Extracted information: Begin

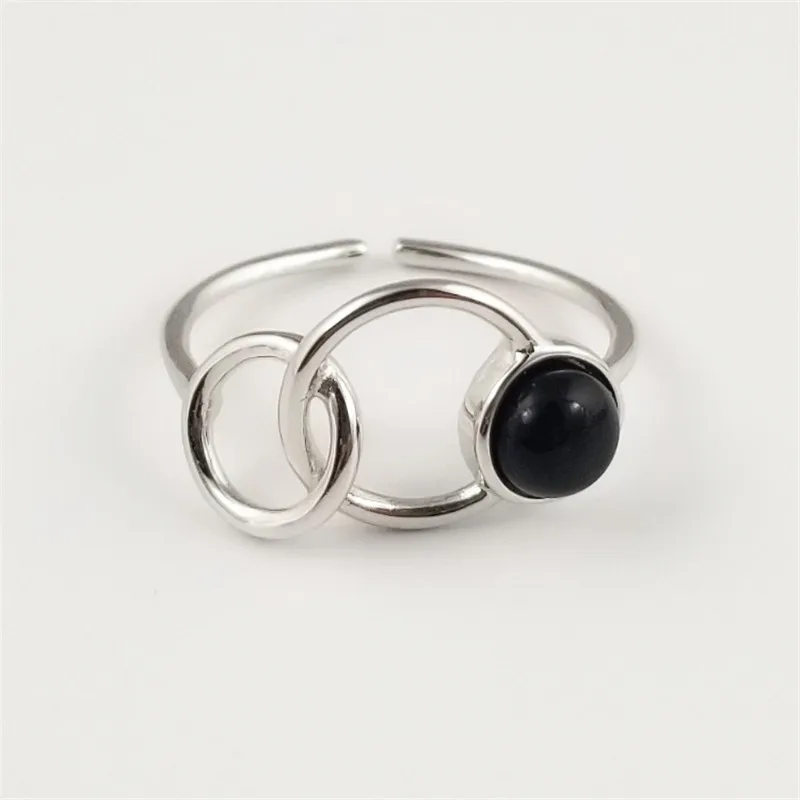 TJ268 Black Agate Женское Винтажное кольцо из 925 пробы серебра с натуральным драгоценным камнем, черный оникс, агат, голубой бирюзовый драгоценный камень S925, простое Ретро Открытое кольцо OL - Цвет камня: TJ268 Black Agate
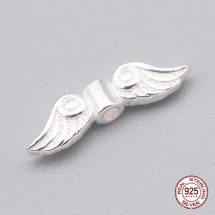 Срібло 925 Намистини Крило, 4х14х2.5мм, Отвір 1мм, (13WB28063)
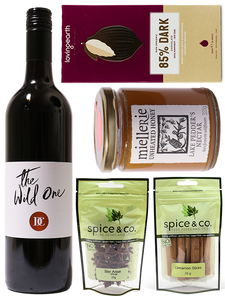 Red Wine hamper with chocolate, spices and honey.
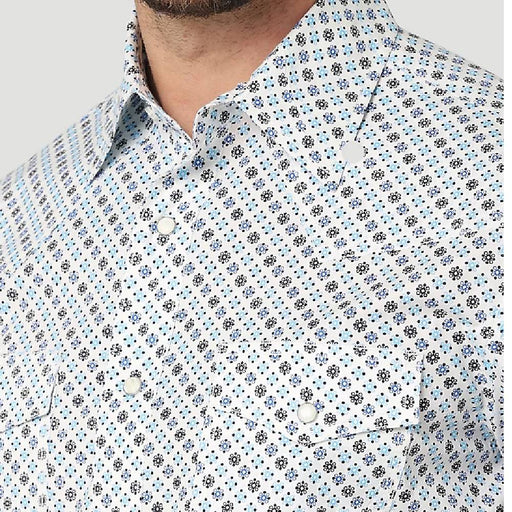 Wrangler Men's 20X Competition Advanced Comfort Blue Fleur Shirt MEN - Clothing - Shirts - Short Sleeve Wrangler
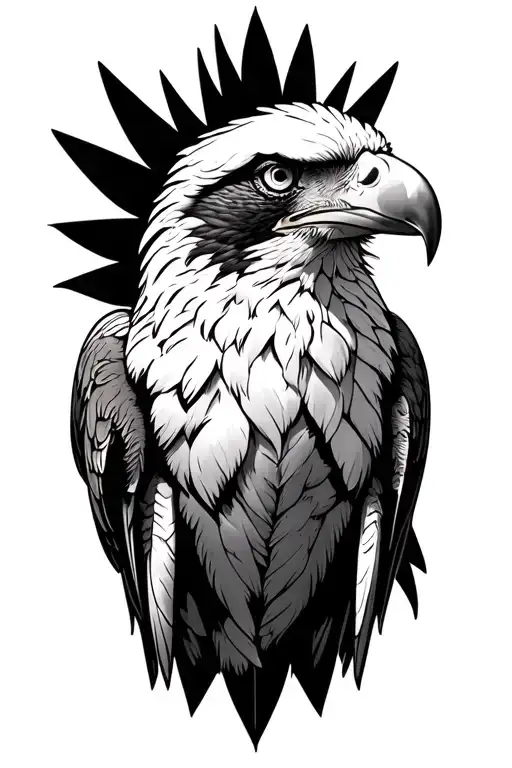 mix of australian and polish eagle for a male right thigh tattoo design idea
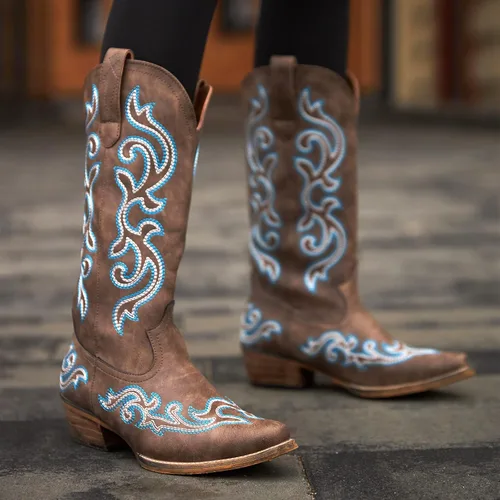 Vista 6 de HISEA Rollda - Botas vaqueras occidentales para mujer, botas vaqueras con tacón grueso, botas de media pantorrilla para mujer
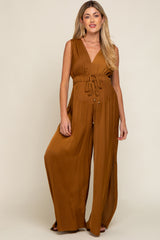 Camel Satin V-Neck Side Slit Maternity Jumpsuit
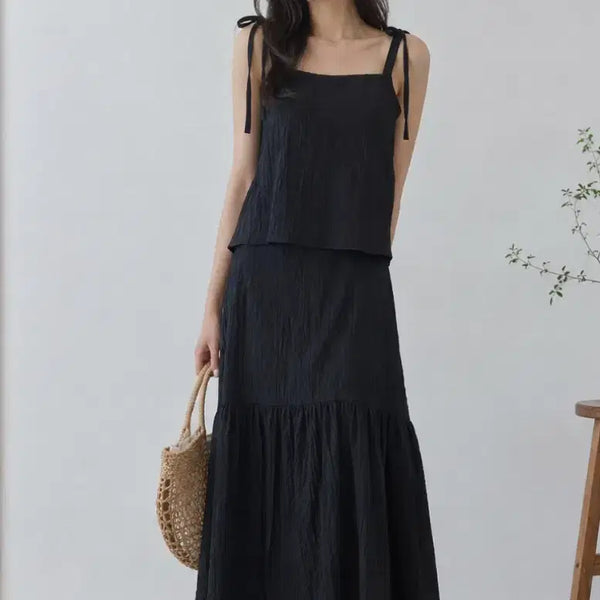[BUNJANG] Bustier Ruffle Skirt 2-Piece Set / 뷔스티에 캉캉 스커트 2피스 셋업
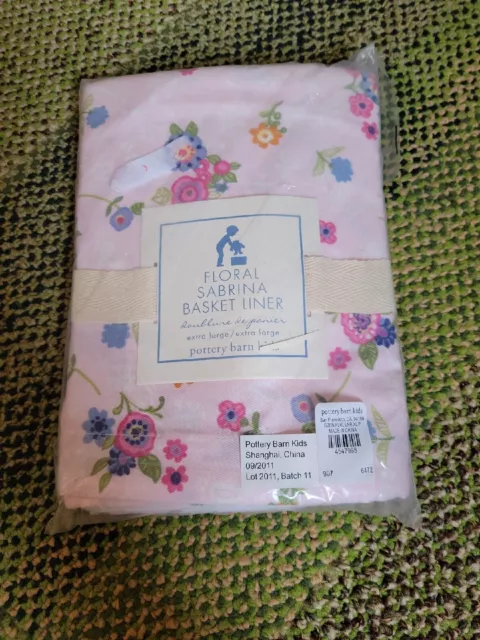Pottery Barn Kids Sabrina Basket Liner Extra Large Pink Flowers Floral XL New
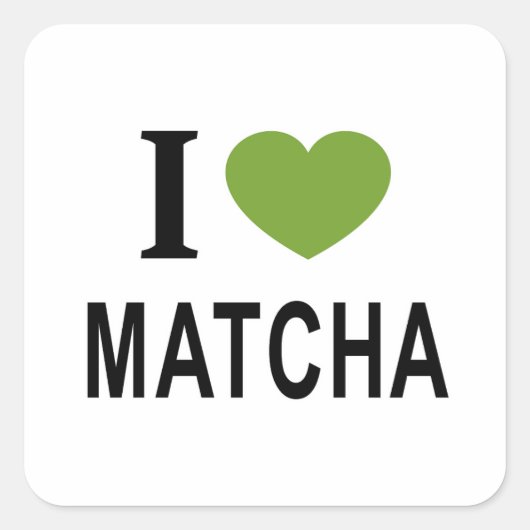 I MATCHA ❤️ I LOVE MATCHA IハートMATCHA スクエアシール (正面)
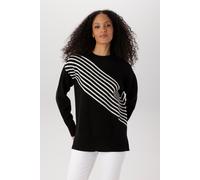 Strickpullover ANISTON SELECTED, Damen, Gr. 38, schwarz mit weißen streifen, Strick, Obermaterial: 50% Viskose, 28% Polyester, 22% Polyamid, Jacquardmuster, gemustert, gestreift, figurumspielend hüftl
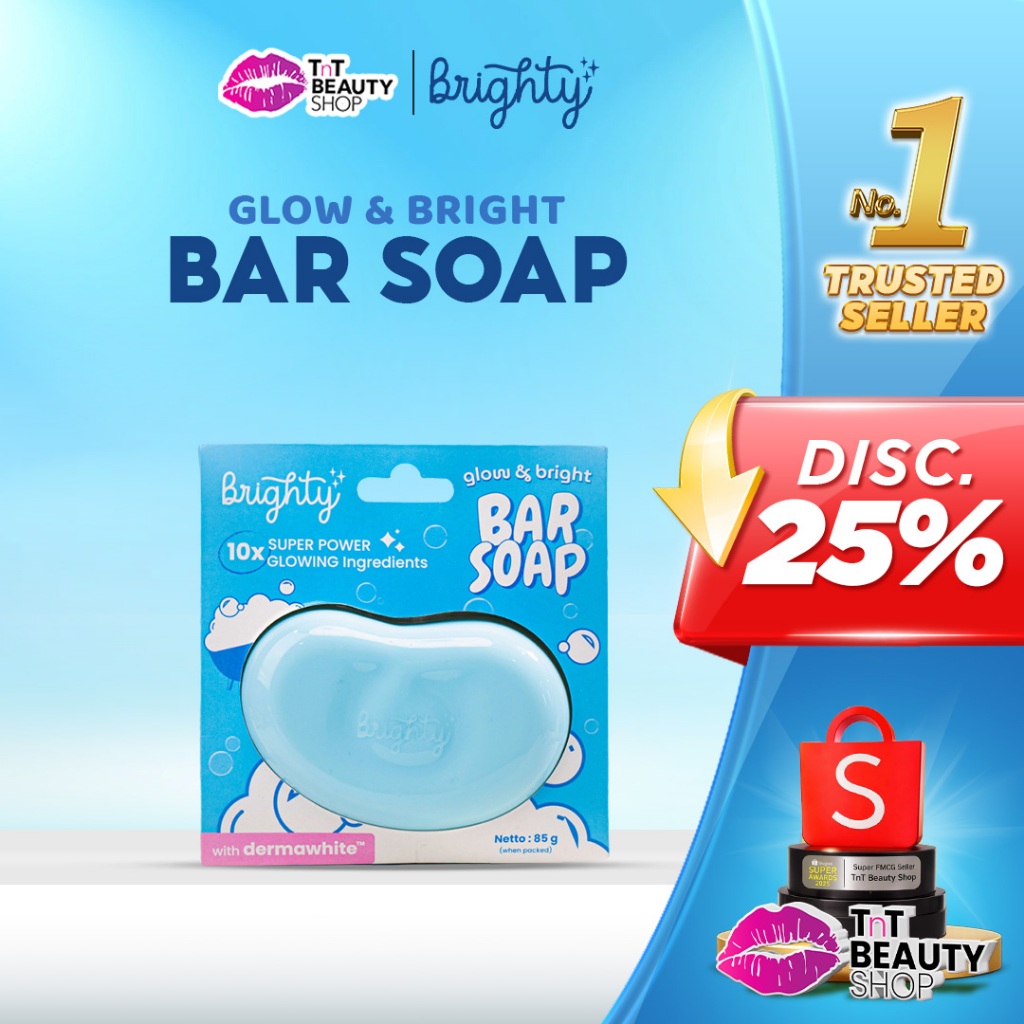 Brighty Glow & Bright Bar Soap sabun pencerah sabun whitening soap | TnT Beauty Shop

Extracted information: End

Aim of the task: Leaving the pictures aside, transcribe only the lines from the one containing "[BUNJANG] Bustier Ruffle" to the final line of the listing above, inclusive, exactly as they appear.

Answer for this exercise:
[BUNJANG] Bustier Ruffle Skirt 2-Piece Set / 뷔스티에 캉캉 스커트 2피스 셋업
Pottery Barn Kids Sabrina Basket Liner Extra Large Pink Flowers Floral XL New
 I MATCHA ❤️ I LOVE MATCHA IハートMATCHA スクエアシール (正面)
 Strickpullover ANISTON SELECTED, Damen, Gr. 38, schwarz mit weißen streifen, Strick, Obermaterial: 50% Viskose, 28% Polyester, 22% Polyamid, Jacquardmuster, gemustert, gestreift, figurumspielend hüftl
 Brighty Glow & Bright Bar Soap sabun pencerah sabun whitening soap | TnT Beauty Shop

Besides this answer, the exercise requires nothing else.